True to the “hab” in its name, I-Hab will be the crew’s living and sleeping quarters. An Artemis mission’s four crew members will share a space about the size of a caravan’s interior. The module will contain a dining galley, plus bunks and an exercise area.
Mounted on the I-Hab’s side, shaped like a bubble clinging to the module’s exterior, is an airlock that will allow crew to exit the station for spacewalks. The United Arab Emirates will provide this airlock.
Current plans call for Artemis IV to deliver I-Hab to Gateway when it flies there in 2028.
4. Lunar View
Moving back to HALO, docked to its side we see the gilt cylinder of Lunar View (known until recently as the European System Providing Refueling Infrastructure and Telecommunications, or ESPIRIT).
Another ESA-built module, Lunar View will serve as an expansion pack for the Gateway. Lunar View will only join HALO, PPE, and I-Hab on a later mission. On the current docket, that’s Artemis V, scheduled for a 2030 launch.
Lunar View is both functional and aesthetic. The functional part is the module’s primary function: extra storage. Lunar View will contain a small van’s volume of cargo, no doubt a welcome addition to HALO and I-Hab’s rather cramped quarters. The module will also contain additional fuel for PPE.
The aesthetic part comes in the form of Gateway’s largest windows. Lunar View will contain six windows, arranged around the capsule and proofed against orbital debris, allowing Gateway’s inhabitants to admire, well, a stunning view of the moon.
5. Spacecraft
More than just showing Gateway’s design, the video also shows a glimpse of what Gateway may one day look like when it is in full service as a lunar transit hub. Three spacecraft are attached to the station.

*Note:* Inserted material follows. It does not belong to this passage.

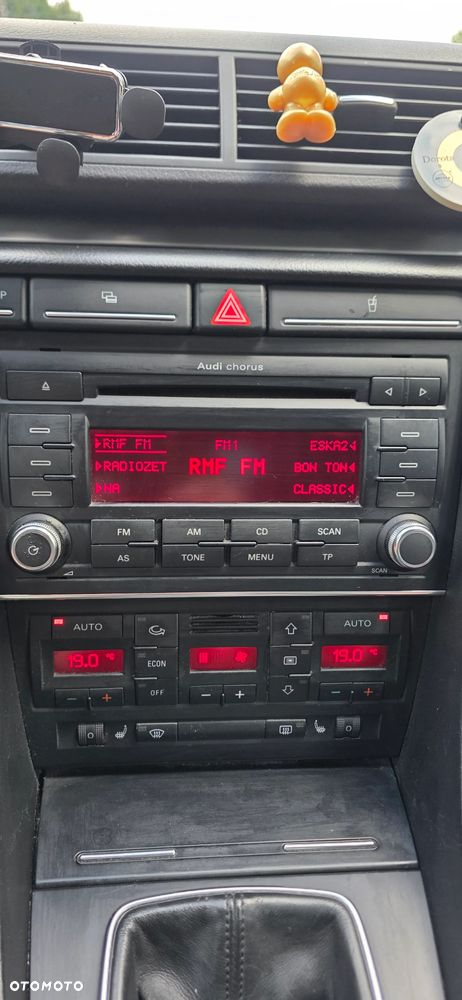 Audi A4 Avant 1.9 TDI - 6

On the I-Hab’s far end is docked the Orion capsule, the mainstay of the Artemis missions and the craft that astronauts will ride to and from Earth.
The cylinder attached to I-Hab’s side is the Deep Space Logistics (DLS) cargo spacecraft, which has a specialized docking port there. Each new Artemis mission will bring one of these to Gateway with it, carrying equipment, provisions, and science experiments they will use during their time at the moon.
Lastly, attached on HALO and Lunar View’s far side is the Human Landing System (HLS) — the craft that will, starting with Artemis IV, actually bring the astronauts down to the lunar surface.
6. Science experiments
In addition to astronauts, Gateway will house a handful of science payloads. Each new Artemis mission will bring a fresh batch of experiments. NASA’s video shows two that are planned to fly on Gateway’s exterior.
Hanging on the PPE’s side is the ESA-provided European Radiation Sensors Array (ERSA), a set of instruments for measuring space radiation beyond the protection of Earth’s magnetic field. In fact, ERSA’s life will begin even before it joins Gateway, since it will measure the radiation that PPE experiences as it flies through Earth’s Van Allen belts.
Attached to HALO is NASA’s Heliophysics Environmental and Radiation Measurement Experiment Suite (HERMES), which will measure particles in Earth’s magnetotail. Essentially, as Earth is buffeted by solar wind, the magnetotail passes through the moon whenever the moon is in the right place in its orbit.
These experiments will tell us about the solar system‘s high-energy environment, to be sure. But space agencies and scientists also hope to use the information gathered by these experiments to better prepare astronauts for much longer missions, much further in the future — crewed trips to Mars, perhaps.